2.1.    Algunas fórmulas que indican la presencia de un fondo cristiano en el pensamiento filosófico de María Zambrano

Una lectura ágil e incluso poco profunda de las obras publicadas de María Zambrano, o simplemente de alguna de ellas, bastaría para hacerse cargo de que sus pensamientos y sus expresiones están transidos de experiencia y de tradición cristiana y católica. En este epígrafe, y sin otra pretensión que ilustrar, este respigado se va a realizar sobre la correspondencia de Zambrano con Agustín Andreu.

Andreu defiende que, además de Empédocles o la tragedia griega, la encarnación, la eucaristía, la cruz, el descendimiento, los ángeles, el Espíritu Santo –María Zambrano nunca renunciará a escribir estos términos con mayúscula, como queriendo manifestar la convicción de su realidad y el respecto sacral que merecen– son «los signos y figuras de su metafísica de la vida» [37]. Sin duda, ¡un orbe religioso! Entendiendo orbe como mundo, el conjunto de lo existente, pero sin desconectarlo de todas sus connotaciones: la redondez y las esferas, las celestes y la terrestre; aquellas órbitas transparentes imaginadas en los sistemas astronómicos antiguos por las que circulaban los astros, como formas de toda posibilidad de vida. Un orbe o un horizonte vital e intelectual que, para María Zambrano, solo encuentra expresiones ajustadas en la experiencia cristiana y su tradición.

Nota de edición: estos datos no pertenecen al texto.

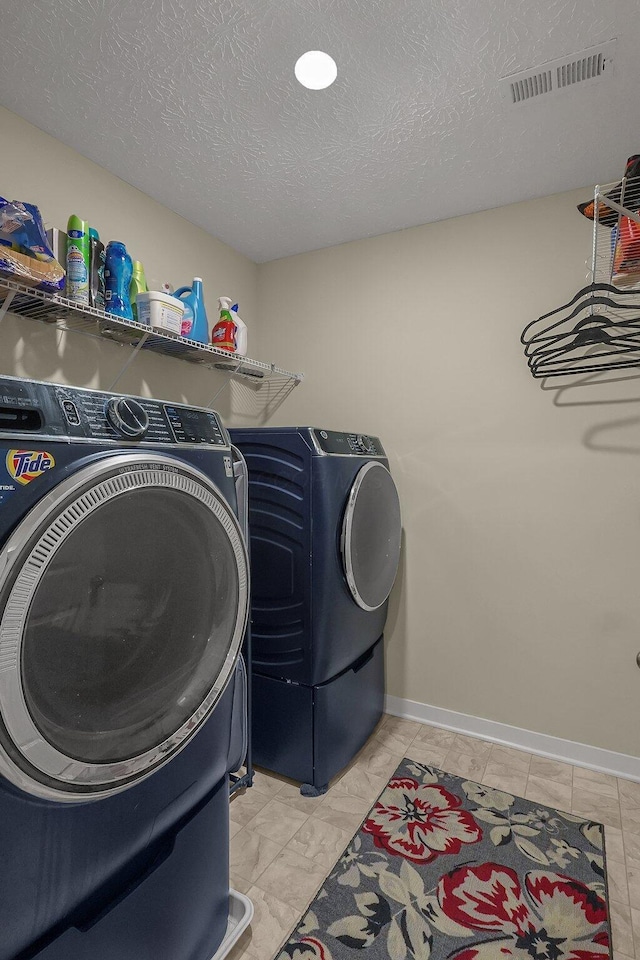 laundry area featuring washing machine and clothes dryer and a textured ceiling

El orbe, en una primera aproximación, está entre lo material y lo espiritual y así se entiende cuando María Zambrano escribe «sentada estuve en un recodo del camino del que he hecho mi pequeño oratorio» [38], oratorio desde el que alza su razón –lo más humano que posee y que no puede ser sino divino: el alma, en un sentido muy pitagórico y platónico y, por supuesto, muy cristiano; alma que conoce y que ama, conoce el bien y ama la verdad y viceversa– para ver con «sus miopes ojos» una desdibujada forma, pero suficientemente luminosa como puede ser la religión para aquellos que viven el drama del querer creer y no poder, como Blas Zambrano, su padre, o el amigo de este y admirado por su hija, Miguel de Unamuno. Luz que siempre atrae y que, algunas veces, saltando el principio de no contradicción, atrae y retrae, muestra y oculta a la vez. Una forma elevada como es la religión que, por mucho que se le niegue, se yergue siempre delante no solo como posibilidad, sino como realidad omnipresente en el horizonte vital de los seres humanos.

Un oratorio desde el que María Zambrano habla a Dios sobre su cabeza pidiéndole que le «sea destruida, retirada antes de que no la use bien o de usarla demasiado en tanto que mía» [39]. En esta misma carta 20, Zambrano habla de la cabeza humana asimilándola, como se hace muy coloquialmente, con la capacidad de conocer y desea que alguna vez todas las cabezas fueran puestas «con una sola bastaría, bajo los pies de Cristo en la Cruz» [40]. Ella ya ha puesto la suya:

en todas las Adoraciones de la Cruz en que literalmente me he arrastrado como María Magdalena, como mujer. Mas mi cabeza en tanto que tal no es de mujer ni de hombre, es Mente. Albergue del Logos, movida por el nous poetikos [41].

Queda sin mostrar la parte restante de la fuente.